YOUR GOAL — Please return the full listing below without altering anything.

RECORDED INFORMATION —
################

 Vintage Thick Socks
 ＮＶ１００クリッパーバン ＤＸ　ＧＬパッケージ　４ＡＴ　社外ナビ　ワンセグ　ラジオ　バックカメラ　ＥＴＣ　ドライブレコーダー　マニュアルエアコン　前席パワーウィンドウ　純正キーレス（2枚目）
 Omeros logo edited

################

RESULT OF THIS EXERCISE —
 Vintage Thick Socks
 ＮＶ１００クリッパーバン ＤＸ　ＧＬパッケージ　４ＡＴ　社外ナビ　ワンセグ　ラジオ　バックカメラ　ＥＴＣ　ドライブレコーダー　マニュアルエアコン　前席パワーウィンドウ　純正キーレス（2枚目）
 Omeros logo edited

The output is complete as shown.